IDEM spinal metastases from non-central nervous system primary malignancies are extremely rare and published case reports describe these cases to present as myelopathy, radiculopathy, conus, herniated disc, transverse myelitis, or cauda equina syndrome.6–13,16 This often occurs late in the disease course and presentations may be subtle; magnetic resonance imaging with postcontrast gadolinium T1-weighted sequencing has been shown to be helpful in detecting IDEM metastases in patients with unexplained neurological symptoms who have an oncological history.14,15,17 Palliative surgical management is sometimes warranted in IDEM tumors for symptomatic relief and preservation of neurological function.5,6,11 The surgical decision is often impacted by the aggressivity of the primary malignancy and overall prognosis.

Observations

In this patient, the incomplete resection of an extradural metastatic parotid ACC resulted in a symptomatic local recurrence with intradural extension 18 months later. Initially suspected on T1-weighted MRI with gadolinium, this was corroborated by an intraoperative ultrasound and the invasion of the C3 nerve root sleeve seen intraoperatively. To the best of our knowledge, there is only 1 previously published case of an IDEM metastasis involving an extradural or bony component suggestive of direct invasion.11

The patient’s age-appropriate baseline functional status guided the decision to offer surgical intervention despite an unclear prognosis and severely limited postoperative treatment options. After excision of the intradural components and debulking of the extradural components, there was recovery of neurological function.

Lessons

Metastasis to the vertebral column occurs in 3%–5% of all malignancies and only 6% of these vertebral metastases have an intradural component.11,13 The current understanding of IDEM metastasis generally revolves around one or a combination of the 5 following mechanisms: (1) hematogenous seeding of malignant cells via the arterial system; (2) hematogenous seeding via Batson venous plexus; (3) local invasion of the dura; (4) drop metastasis or leptomeningeal spread via the subarachnoid space; and (5) spread from the perineural lymphatics.11 It is thought that the most common mechanism is from leptomeningeal spread, because >50% of intracranial malignant tumors result in detectable neoplastic cells in the cerebrospinal fluid.11,19 Although there was coexisting intracranial disease in the cerebellum of this patient, this was likely not the mechanism responsible for the IDEM tumor observed. We believe that it was rather a direct dural infiltration from a previously treated C3 bony metastasis. The direct invasion through the C3 nerve root sleeve seen intraoperatively supports this. There is also the possibility of existing but undetected intradural components during the initial cervical surgery. However, during the initial operation, the dura was visualized to be intact and there was clear epidural compression correlating with the preoperative imaging (Fig. 1). As such, we do not believe that there was any intradural tumor at this time.
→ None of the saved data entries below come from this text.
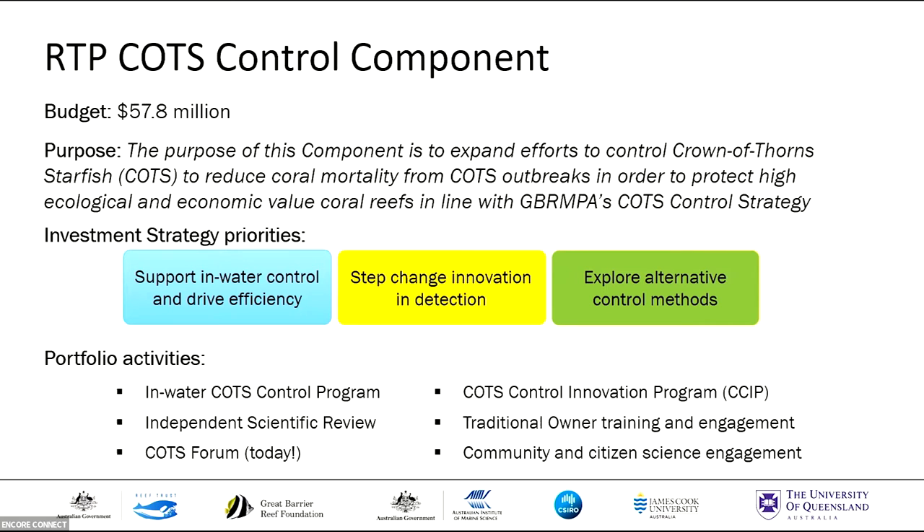We're funding the ongoing delivery of the COTS Control Program, which we're doing in partnership with Grubamba and RRRC. We're also funding this innovation program, investing in training and capacity building, engaging community and citizen scientists in control and surveillance, and investing in forums like this where we all get to come together, share our knowledge from across diverse disciplines, build networks, and look for ways to better collaborate.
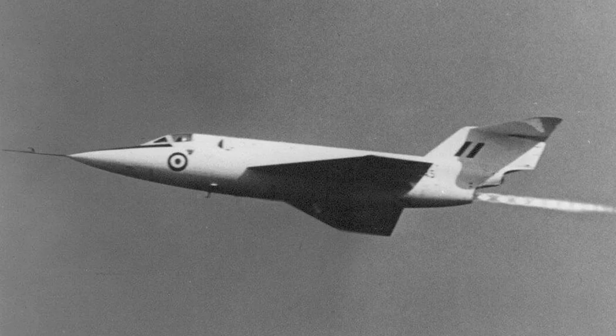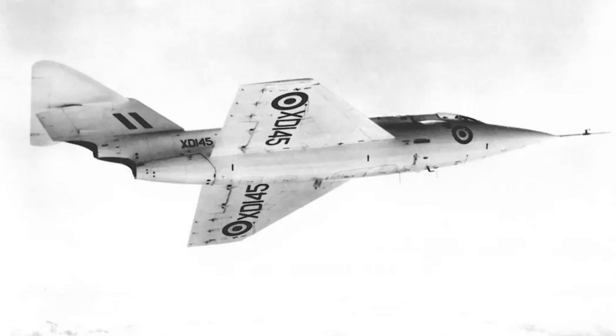The SR.53 was designed to fly at Mach 2 speeds and at altitudes of up to 65,000 feet. The design also included a delta wing with a canard foreplane, which gave it excellent maneuverability at high speeds.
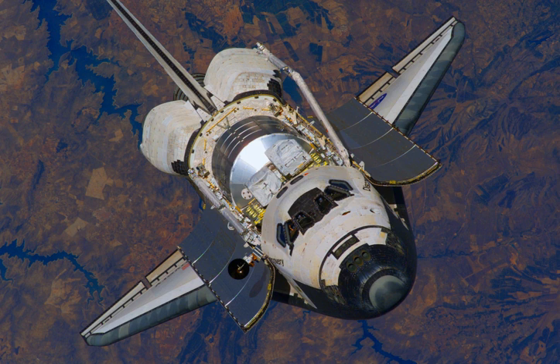In 2003, Columbia was destroyed during re-entry, leaving just three remaining orbiters. Discovery completed its final flight on March 9, 2011, and Endeavour completed its final flight on June 1, 2011. Atlantis completed the last-ever shuttle flight, STS-135, on July 21, 2011.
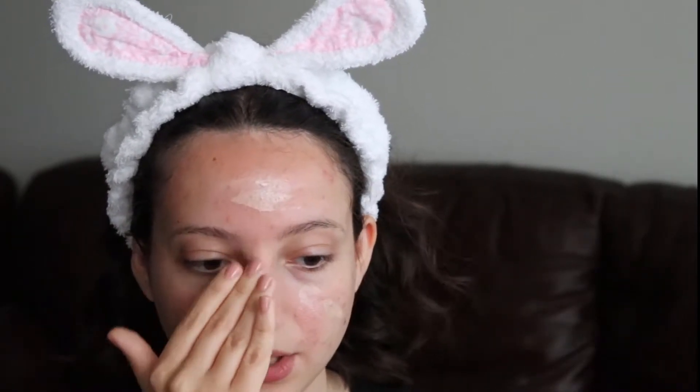It is like this beige color and once you blend it into the skin, you can definitely see that it leaves you with a nice glow.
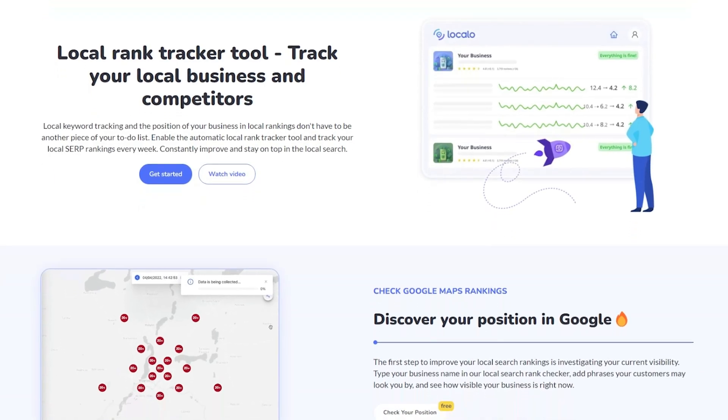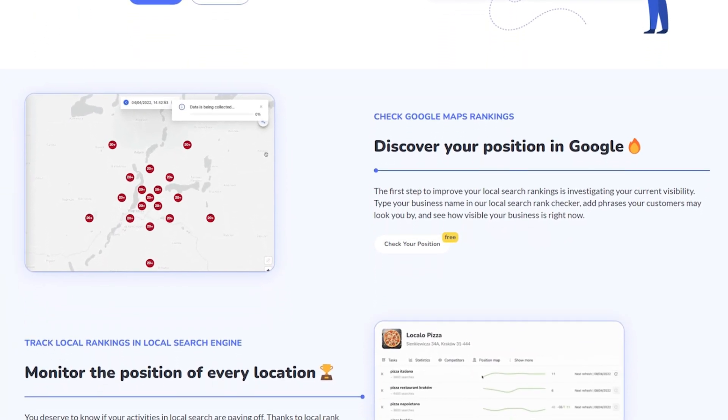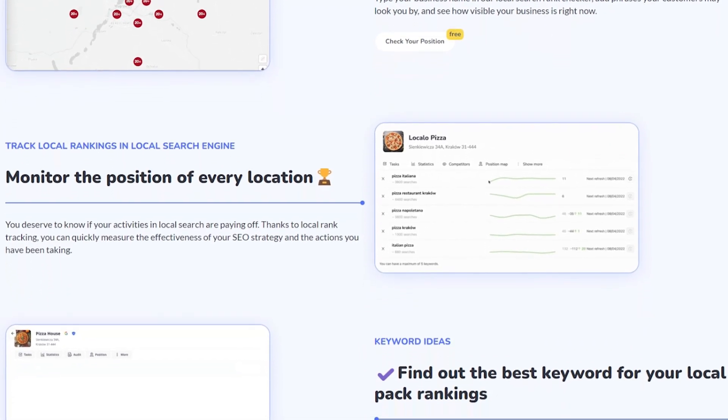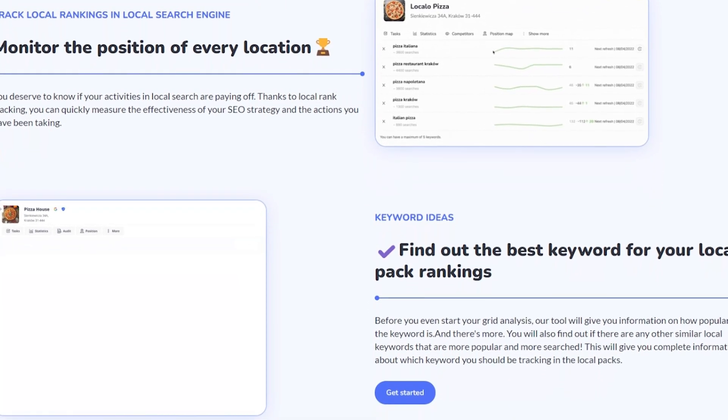Another major feature of LocalO is the position checker, which tracks where your business ranks in local search results. Unlike general SEO tools, LocalO provides detailed insights on local rankings, showing you how visible your business is in specific areas. It also tracks competitor activity, so you can see who's ranking above you and what they're doing differently.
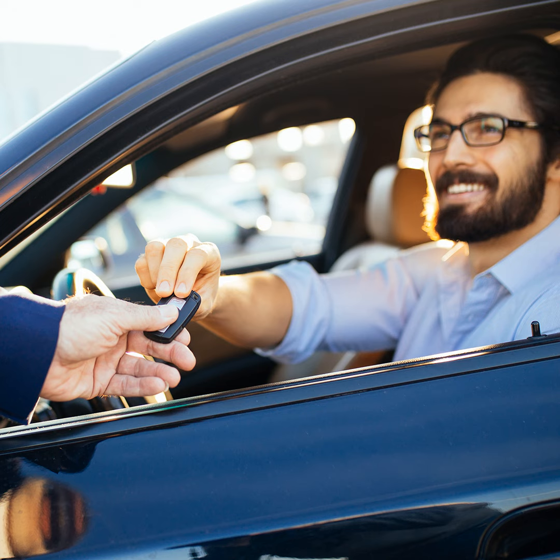Also, don't forget to factor in trade-ins. If you're trading in your current vehicle, its value can contribute to your down payment, so get an appraisal to know how much it's worth. Make sure you also shop around for loans — compare loan terms and interest rates from different lenders, as some may offer flexibility based on your down payment amount.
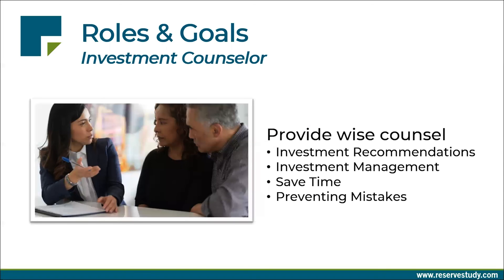And the investment counselor — the third person in the equation — provides expert counsel to help the board make wise decisions about what to do with the money, how to manage the money across various accounts, applying best practices, saving them time, protecting those funds, and helping them avoid mistakes.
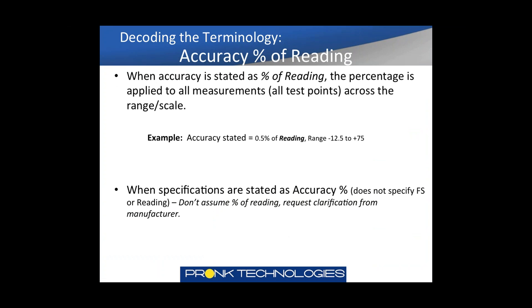Let's look at examples of different accuracy percent specifications. For accuracy as percent of reading, the percentage is applied across the entire range of the tester. With accuracy stated at 0.5% of reading, range does not impact the accuracy regardless of the test point. If the test point is 10, you take 0.5%, multiply by 10, and your accuracy at that test point is 0.05. When specifications are stated as percent accuracy and do not specify reading or full scale, you can't assume anything — you should contact the manufacturer to verify.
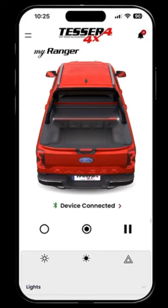Integrating style and functionality with the triple operation system: remote, app, and touch.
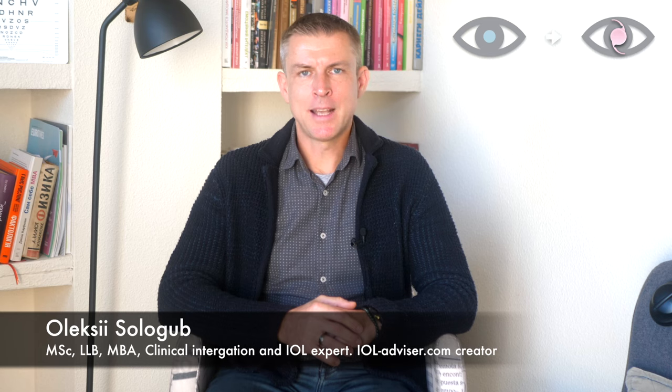Hi there, my name is Alexei and you're at IOL Advisor, my YouTube channel. Yesterday I just returned from Faco Elche, a great Spanish event related to cataract surgery and refractive lens exchange, and two weeks later I'm going to visit Frankfurt for Winter ESCRS — the European Society of Cataract and Refractive Surgeons. Both events add to insights I gathered at last autumn's ESCRS in Vienna.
The surgical decision was guided largely by the patient’s baseline function. Previous literature reports that the 6-week postoperative health-related quality of life is not significantly impacted by the long-term outcomes of metastatic spine disease and that baseline functional status should take priority in the surgical decision-making process.18 The management of IDEM parotid ACC metastasis is further complicated by the lack of consensus regarding the role and efficacy of radiation and chemotherapy.1–3 In this case, systemic therapy options had been exhausted and repeat radiation to the area was not recommended.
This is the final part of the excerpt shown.